The exploitation of women in the sex trade is no longer an urban issue but is well established in smaller rural regions of Ireland, according to Ruhama.
Today (August 22nd) the Dublin-based NGO which supports women affected by prostitution published its Annual Statistics Report for 2010. Citing the increasing role played by mobile phones and the internet in advertising prostitution in Ireland the report observes that prostitution is no longer restricted to large urban areas but is a presence now in even the smallest rural communities. “It is happening in small communities in apartments, over shops and pubs – hidden in plain sight.
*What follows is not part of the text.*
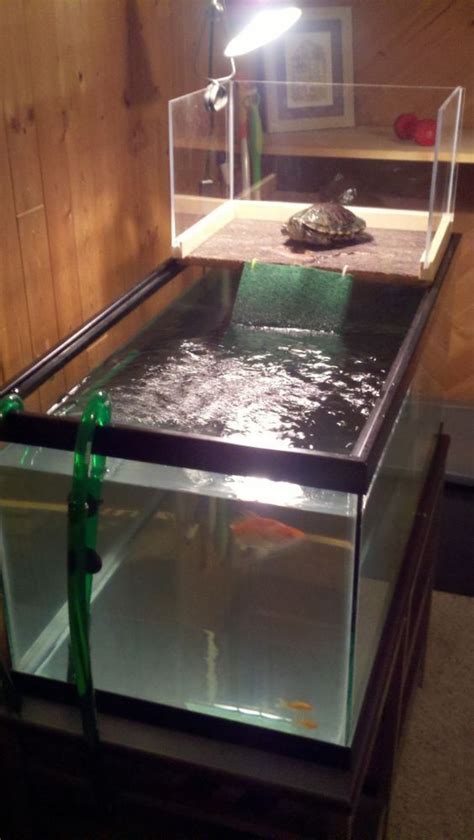 â ¥ Pet Turtle â ¥ A DIY turtle topper above tank basking platform ...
Women are moved quickly and sometimes frequently and the criminals involved remain at arms length hiding behind a computer screen”.
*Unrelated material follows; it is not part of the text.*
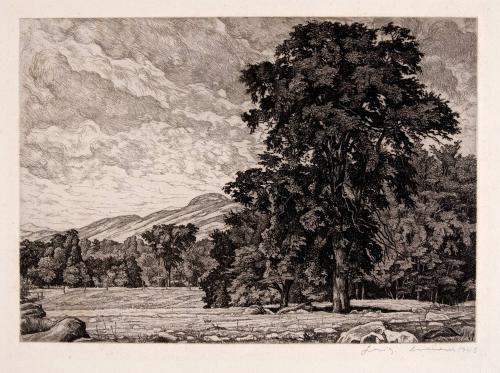 [Landscape with large tree]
The report shows that Ruhama worked with women from 31 different countries during the course of 2010, highlighting both the globalised nature of the sex trade in this country and the fact that trafficking is playing an increasing role in forcing women and young girls into prostitution. Of the 140 women the NGO supported through casework, 80 had been trafficked into Ireland. 61% of those trafficked came from Nigeria with Romania, Cameroon, Albania, Moldova and Ghana the next significant cohort. Other women came from countries in Eastern Europe, Africa and Asia.
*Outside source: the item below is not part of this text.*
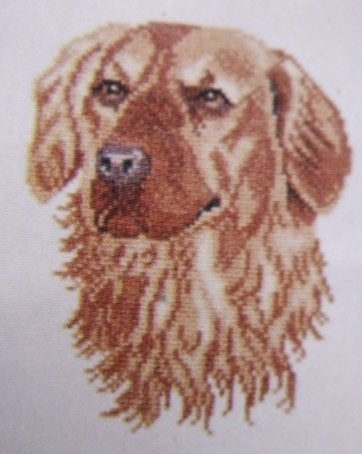 Borduurpakket EVA Rosenstand Golden Retriever schilderij, Ophalen of Verzenden, Zo goed als nieuw, Patroon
Commenting on the statistics CEO Sarah Benson said, “This truly exemplifies the global nature of prostitution and trafficking and reflects the complexity of a frontline response such as that offered by Ruhama. We are constantly adapting to ensure that we are mindful and respectful of the diverse cultural backgrounds of the women accessing our services”.
Intoducing the report, Sarah Benson observes that the focus has turned in recent times, from the women and girls, and the small number of men and boys who are in prostitution towards those who are profiting. In this regard, she calls for the criminalisation of those who purchase sexual services. “There are a minority of men in Ireland who buy sex”, she said. “Most sex buyers are married or in relationships and will have a higher than average number of sex partners compared to non-sex buyers. The attitudes expressed by sex buyers surveyed, towards the women they buy are deeply troubling and indicate a total lack of respect and in some cases serious antagonism for the women involved.”
Through a combination of casework and street outreach Ruhama worked with a total of 204 women last year, an increase on 2009 of 4%.